The data is now also plotted on log-log scales which has the advantage that you can see the rates of change easily. On a logarithmic axis the steepness of the line corresponds to the rate of change. What the chart shows is that low- and middle-income countries increased their emissions at very similar rates.
By default the chart shows the change of income and emission for the 14 countries that are home to more than 100 million people, but you can add other countries to the chart.
What has been true in the past two decades will be true in the future. For the poorer three-quarters of the world income growth means catching up with the good living conditions of the richer world, but unless there are cheap alternatives to fossil fuels it also means catching up with the high emissions of the richer world.
Our challenge: find large-scale energy alternatives to fossil fuels that are affordable, safe and sustainable
The task for our generation is therefore twofold: since the majority of the world still lives in poor conditions, we have to continue to make progress in our fight against energy poverty. But success in this fight will only translate into good living conditions for today’s young generation when we can reduce greenhouse gas emissions at the same time.
Key to making progress on both of these fronts is the source of energy and its price. Those living in energy poverty cannot afford sufficient energy and those that left the worst poverty behind rely on fossil fuels to meet their energy needs.
Once we look at it this way it becomes clear that the twin energy problems are really the two sides of one big problem. We lack large-scale energy alternatives to fossil fuels that are cheap, safe, and sustainable.
This last version of the scatter plot shows what it would mean to have such energy sources at scale. It would allow the world to leave the unsustainable current alternatives behind and make the transition to the bottom right corner of the chart: the area marked with the green rectangle where emissions are net-zero and everyone has left energy poverty behind.

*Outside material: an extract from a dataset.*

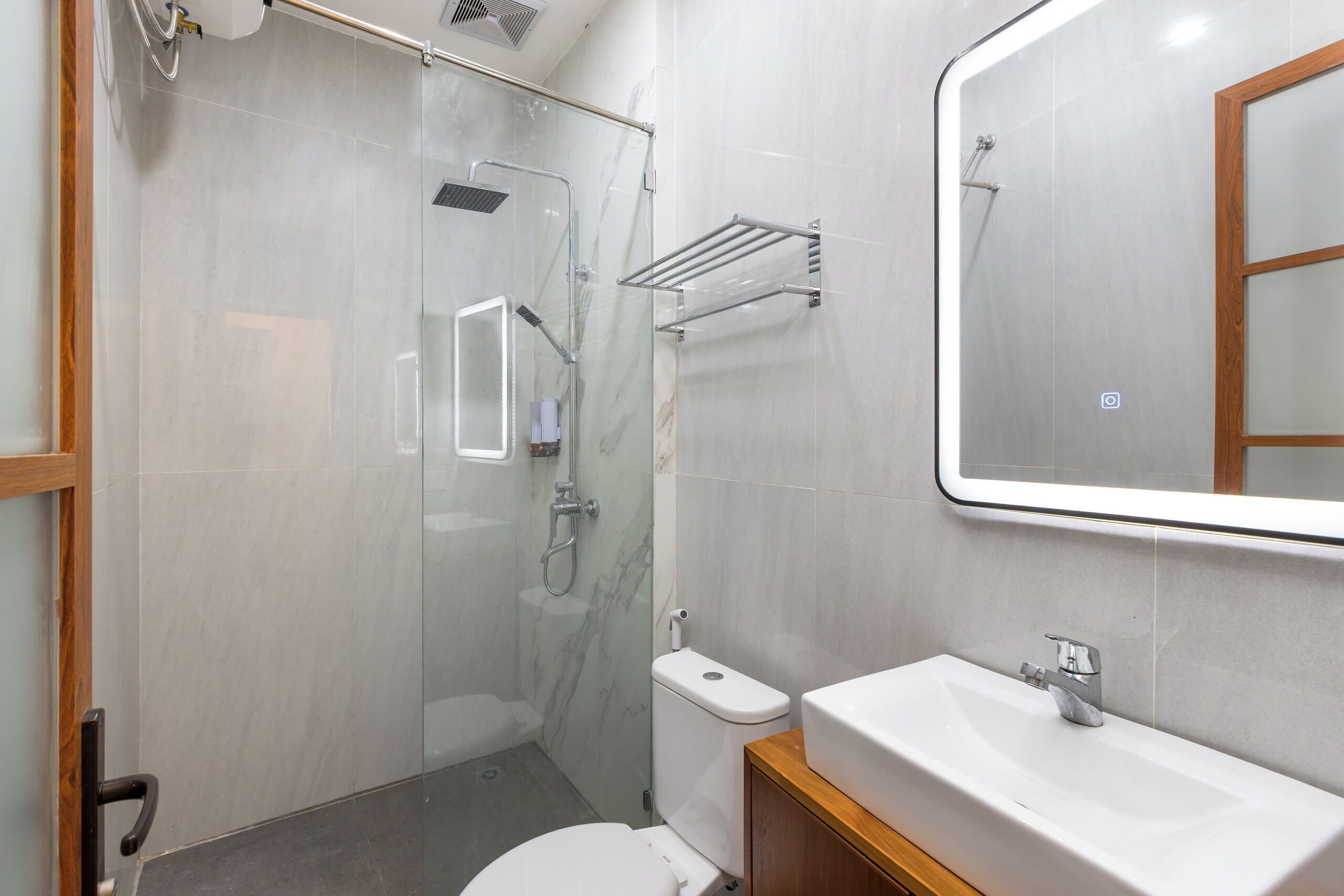 Une salle de bain moderne avec une douche à parois de verre, des toilettes blanches et un lavabo avec un meuble en bois.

Without these technologies we are trapped in a world where we have only bad alternatives: Low-income countries that fail to meet the needs of the current generation; high-income countries that compromise the ability of future generations to meet their needs; and middle-income countries that fail on both counts.

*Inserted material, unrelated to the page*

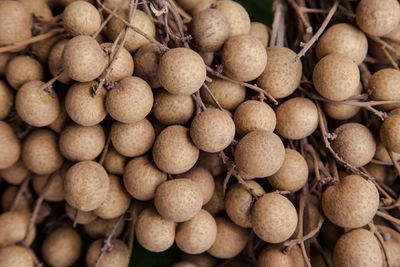 Full frame shot of longans for sale at market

Since we have not developed all the technologies that are required to make this transition possible large scale innovation is required for the world to make this transition. This is the case for most sectors that cause carbon emissions, in particular in the transport (shipping, aviation, road transport) and heating sectors, but also cement production and agriculture.
One sector where we have developed several alternatives to fossil fuels is electricity. Nuclear power and renewables emit far less carbon (and are much safer) than fossil fuels. Still, as the last chart shows, their share in global electricity production hasn't changed much: only increasing from 36% to 38% in the last three decades.
But it is possible to do better. Some countries have scaled up nuclear power and renewables and are doing much better than the global average. You can see this if you change the chart to show the data for France and Sweden – in France 92% of electricity comes from low carbon sources, in Sweden it is 99%. The consequence of countries doing better in this respect should be that they are closer to the sustainable energy world of the future. The scatter plot above shows that this is the case.
But for the global energy supply – especially outside the electricity sector – the world is still far away from a solution to the world's energy problem.
Every country is still very far away from providing clean, safe, and affordable energy at a massive scale and unless we make rapid progress in developing these technologies we will remain stuck in the two unsustainable alternatives of today: energy poverty or greenhouse gas emissions.
Endnotes
As can be seen from the chart, the ratio of emissions is 17.49t / 0.2t = 87.45. And 365 days/87.45=4.17 days
It is worth looking into the cutoffs for what it means – according to these international statistics – to have access to energy. The cutoffs are low.
See Raising Global Energy Ambitions: The 1,000 kWh Modern Energy Minimum and IEA (2020) – Defining energy access: 2020 methodology, IEA, Paris.
WHO (2014) – Frequently Asked Questions – Ambient and Household Air Pollution and Health. Update 2014
While it is certain that the death toll of indoor air pollution is high, there are widely differing estimates. At the higher end of the spectrum, the WHO estimates a death count of more than twice that. We discuss it in our entry on indoor air pollution.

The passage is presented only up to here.